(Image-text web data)
####
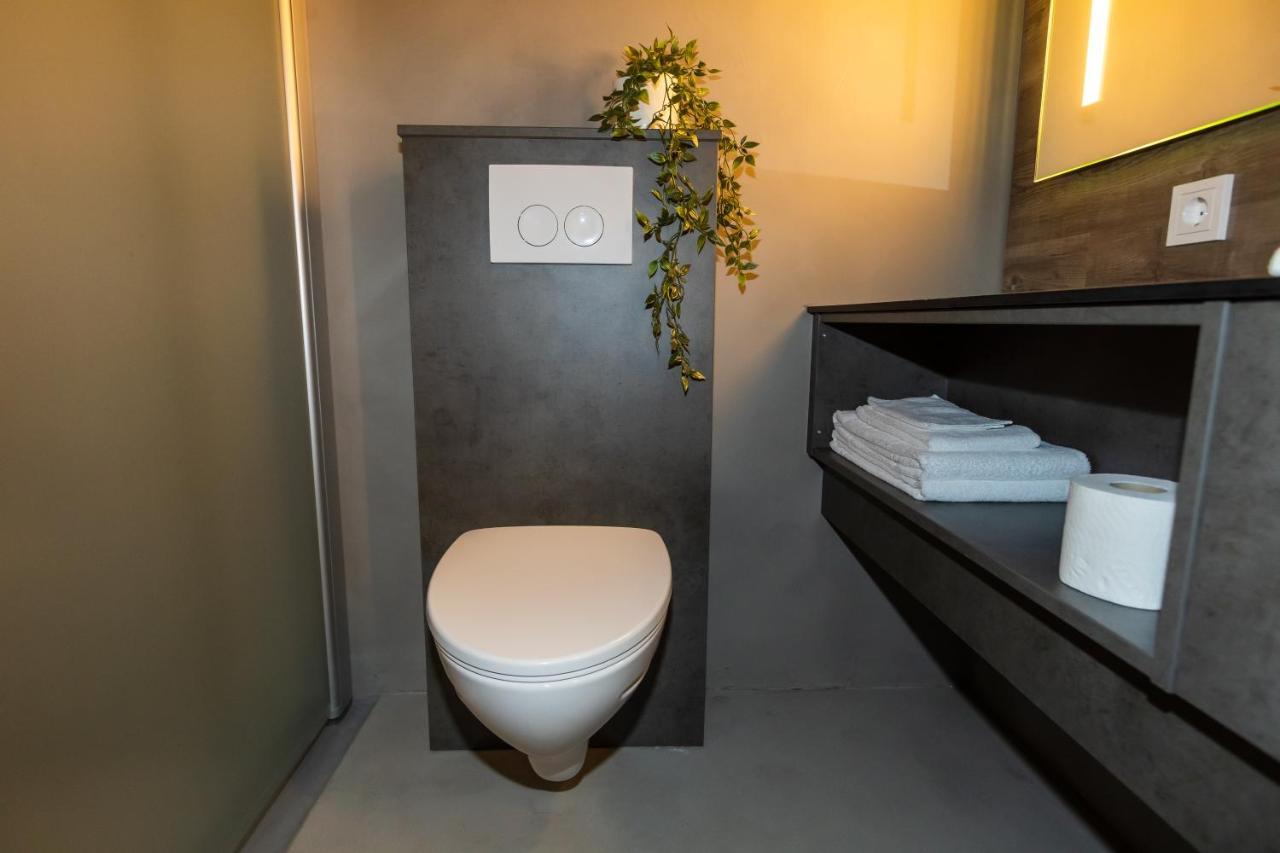 אקורירי Hotel Halond מראה חיצוני תמונה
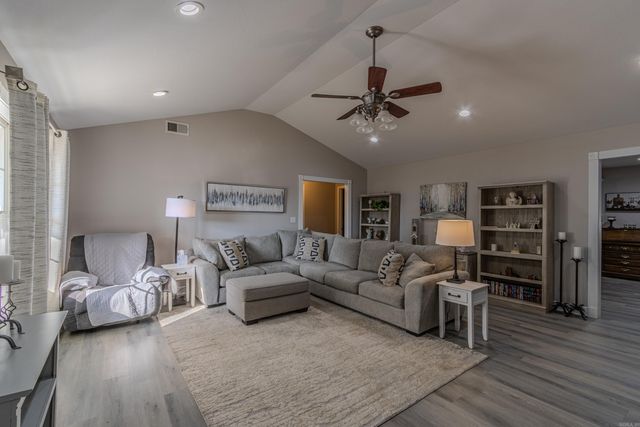 2801 Trowbridge Drive, Paragould, AR 72450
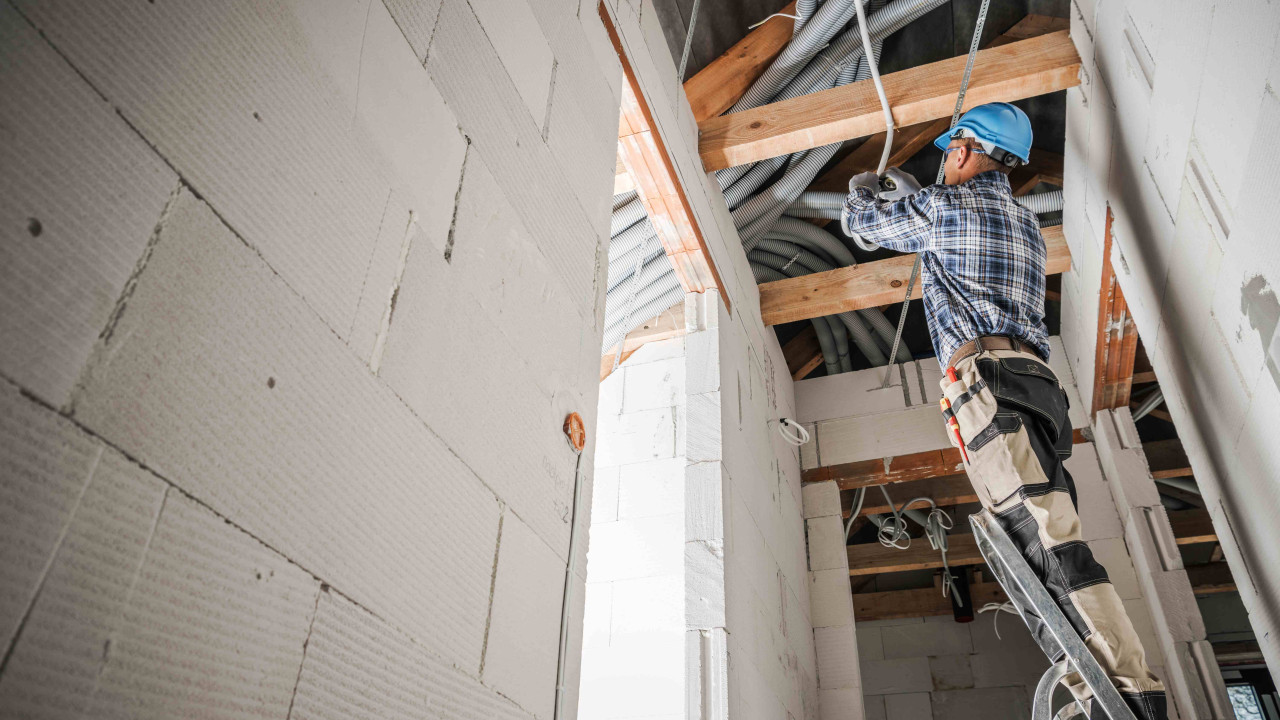 Ceny usług ekip budowlanych na 2026 rok: Sprawdź aktualne stawki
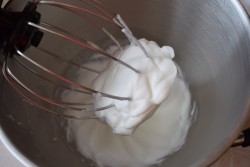 Белковый крем для торта заварной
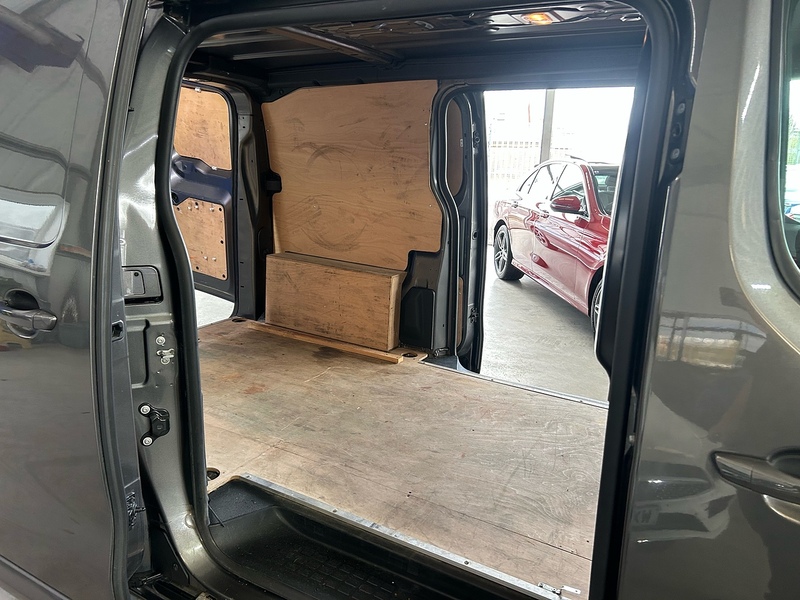 Vauxhall Vivaro 1.5 Turbo D 2700 Sportive Panel Van 6dr Diesel Manual L1 H1 Euro 6 (s/s) (120 ps) - U10843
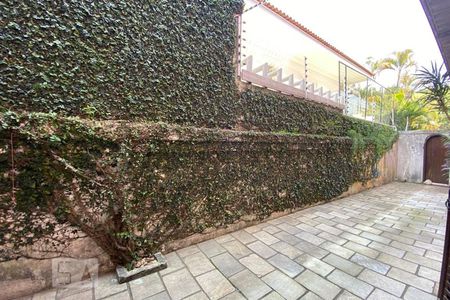 Casa à venda com 544m², 4 quartos e 3 vagasVista da Sala de Estar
####
◆ **PROBLEM REQUIREMENTS**
Please give the data again in full, exactly as written, but without any images.

◆ **EXPECTED ANSWER**
 אקורירי Hotel Halond מראה חיצוני תמונה
 2801 Trowbridge Drive, Paragould, AR 72450
 Ceny usług ekip budowlanych na 2026 rok: Sprawdź aktualne stawki
 Белковый крем для торта заварной
 Vauxhall Vivaro 1.5 Turbo D 2700 Sportive Panel Van 6dr Diesel Manual L1 H1 Euro 6 (s/s) (120 ps) - U10843
 Casa à venda com 544m², 4 quartos e 3 vagasVista da Sala de Estar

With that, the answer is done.